2. CUDA Graphs Are a VRAM Multiplier
max_num_seqs isn't just about concurrency — it determines how many CUDA graph captures are created. Each capture is essentially a frozen copy of the model's execution path. Going from 16 to 4 max sequences saved 6.4 GiB on an 8B model. For memory-constrained deployments, this is the highest-leverage knob.
3. Enforce-Eager Is Fine for Burst Workloads
CUDA graphs provide significant speedup for sustained throughput (many concurrent sequences, continuous batching). For burst workloads like reasoning (1-4 sequences, intermittent), the throughput difference is negligible but the VRAM savings are enormous. Don't pay the CUDA graph tax on secondary models.
4. Container Stop/Start > Model Load/Unload
We initially tried to build a /unload endpoint for VRAM reclamation. Container-level lifecycle management via Docker is simpler, more reliable, and leverages existing health checks and restart policies. The cold-start penalty (~8s for enforce-eager) is acceptable for an async operation.
5. KV Cache Compression Is the Real Enabler
Weight quantization (AWQ, GPTQ) gets all the attention, but KV cache compression is what enables multi-model GPU sharing. Weights are a fixed cost; KV cache scales with context length and concurrency. At 40K context, TQ4 saves 4.5 GiB on the orchestrator alone — more than the total weight reduction from FP16→AWQ.
The Stack
For reference, here's the complete inference stack running on a single RTX 5090:
┌─────────────────────────────────────────────────────┐
│ RTX 5090 (32 GB) │
│ │
│ ┌──────────────────┐ ┌──────────────────────────┐ │
│ │ Orchestrator │ │ DeepSeek Reasoning │ │
│ │ Nemotron-8B-AWQ │ │ DeepSeek-R1-14B-AWQ │ │
│ │ │ │ │ │
│ │ TQ4 KV cache │ │ TQ4 KV cache (1 GiB) │ │
│ │ CUDA graphs [1,2,4]│ │ Enforce-eager │ │
│ │ 40K context │ │ 8K context │ │
│ │ LoRA adapters │ │ Burst reasoning │ │
│ │ Tool calling │ │ │ │
│ │ Port 8199 │ │ Port 8176 │ │
│ │ ~20.7 GiB │ │ ~5.6 GiB │ │
│ └──────────────────┘ └──────────────────────────┘ │
│ │
│ ┌─────────────┐ ┌──────────────────────────────┐ │
│ │ Embeddings │ │ Free VRAM (~5.8 GiB) │ │
│ │ Port 8209 │ │ → FLUX image gen (on demand) │ │
│ │ ~0.4 GiB │ │ → Gaming VRAM yield │ │
│ └─────────────┘ └──────────────────────────────┘ │
│ │
│ MicroScheduler: VRAM zones, lazy-wake, cloud fallback│
│ VRAMYield: Docker stop/start via proxy │
│ Cloud fallback: Vast.ai Serverless → DeepSeek API │
└─────────────────────────────────────────────────────┘
Reproducing This Setup
The key configurations:
# Instance A (Primary — starts first, owns CUDA graphs)

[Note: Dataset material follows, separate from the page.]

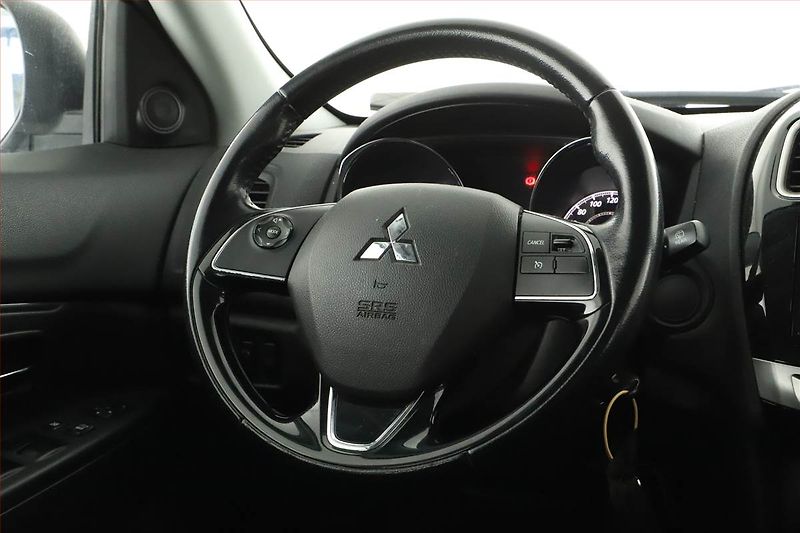 Mitsubishi ASX (2016) 1.6 MIVEC, Tempomat - fotka 8 z 14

vllm serve cyankiwi/Nemotron-Orchestrator-8B-AWQ-4bit \
--kv-cache-dtype tq-t4nc \
--gpu-memory-utilization 0.35 \
--max-model-len 40960 \
--max-num-seqs 4 \
--compilation-config '{"cudagraph_mode":"piecewise","max_cudagraph_capture_size":4}' \
--enable-prefix-caching \
--port 8199
# Instance B (Secondary — starts second, bypasses memory budget)

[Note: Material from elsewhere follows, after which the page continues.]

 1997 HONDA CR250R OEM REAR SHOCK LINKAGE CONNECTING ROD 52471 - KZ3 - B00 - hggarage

vllm serve casperhansen/deepseek-r1-distill-qwen-14b-awq \
--kv-cache-dtype tq-t4nc \
--gpu-memory-utilization 0.50 \
--kv-cache-memory-bytes 1073741824 \
--max-model-len 8192 \
--max-num-seqs 4 \
--enforce-eager \
--enable-prefix-caching \
--port 8176
The critical insight: gpu_memory_utilization on the second instance only needs to pass the startup free-memory check (free >= total × util). Set it as low as possible. The actual KV cache allocation is controlled entirely by --kv-cache-memory-bytes.
What's Next
- TriAttention: Our spectral KV cache compression engine achieves ~10× compression (26 bytes/token vs 256 FP16) by decomposing RoPE attention into trigonometric series and storing only the dominant frequency components. Currently in calibration testing.

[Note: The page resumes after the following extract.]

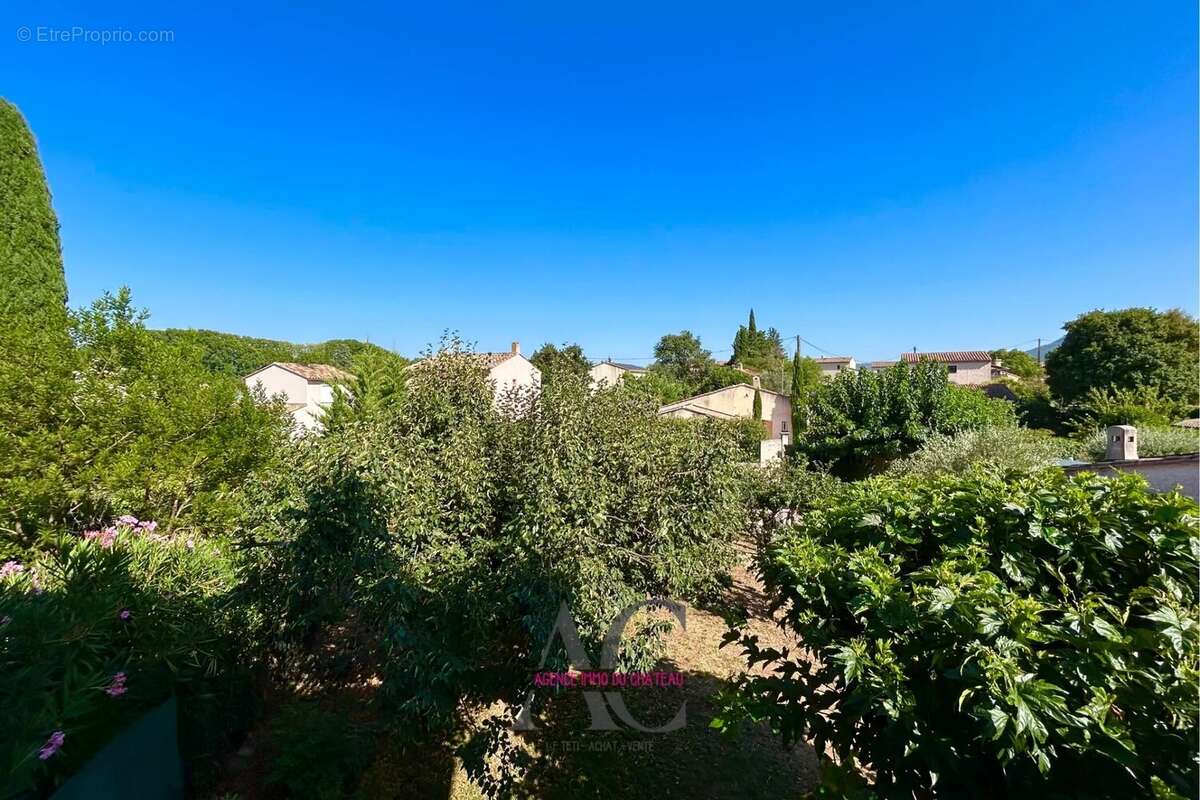 EXCLUSIVITE Duplex 5 pièces avec jardin – 97 m² – Garéoult - photo 9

- Dynamic KV budget: Instead of fixed
--kv-cache-memory-bytes, dynamically resize based on current free VRAM reported by the Docker proxy. - Unified CUDA graph pools: Sharing CUDA graph memory across instances for batch sizes that don't overlap in time.
The TurboQuant vLLM fork, graph-aware eviction plugin, and VRAM zone management are part of AitherOS. The --kv-cache-memory-bytes flag is stock vLLM 0.19+ — the most important three words in the multi-instance story, buried in a help page nobody reads.